On the other side, he landed on a patch of earth that consisted of weeds and dirt. He could see that the house was derelict; just an opening where the front door was supposed to be. The side of the property had collapsed leaving a patchwork of masonry and piles of bricks. Steve wandered in through a gap formed by disorderly stonework. Inside, Michael Nix was sitting on a boulder, one of many strewn across where there was previously flooring. He summoned his partner in crime over with his finger. The internal structure of the property was still discernible but it had been left to decay for a considerable length of time. Rooms looked like they belonged in The Blitz, plaster and dust replacing what was formerly ceilings and solid partitions.
He slipped his hand into his trouser pocket and withdraw a screwed up packet of Rothmans. There were other lads there, mainly older boys. Steve recognised some, not others. All were smoking, sharing puffing sticks, chewing the fat (often involving moaning about teachers). This was an oasis in the middle of the mundane. He smiled at Nixy and drew on his cigarette.

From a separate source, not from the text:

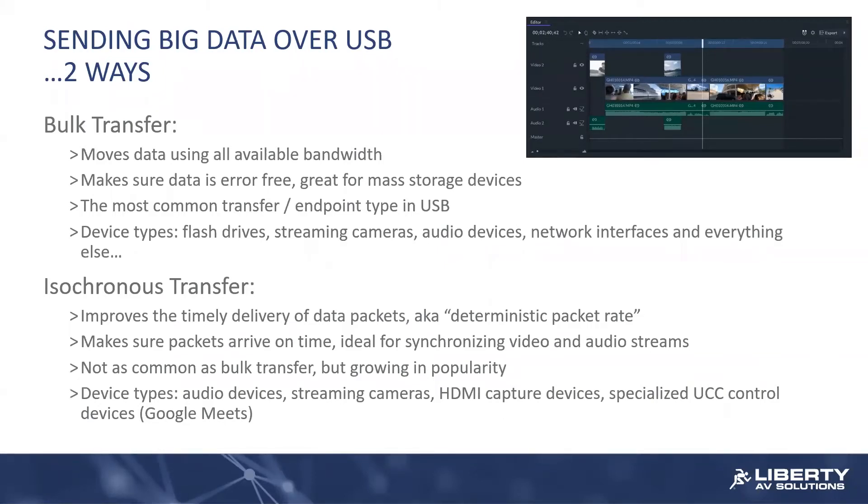I want to talk a little bit about endpoint types, data pipe types, things of that nature. This is the payload types of high-speed USB devices.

“Welcome to The Dead Cat” Micky muttered, absently. This was considered, realisation dawning that the object of mystery was no more than an abandoned dwelling.
“Why is it called that then? Is there a departed moggy somewhere?” Steve asked.
“Nobody seems to know. It’s just what everyone calls it”. One of the sixth formers glanced across, winking knowingly.
The Dead Cat became a part of Steve’s life until he finally left education, aged eighteen. Family ructions came and went, highs and lows were had in school. His GCSEs progressed from “0” to “A” level. Throughout it all, the haven in Frederick Road was there, an open secret that surely teachers knew about. If they did, they never did anything about the reprobates that attended on a regular basis. Maybe they realised that everyone needs an escape room of some kind. No man is an island.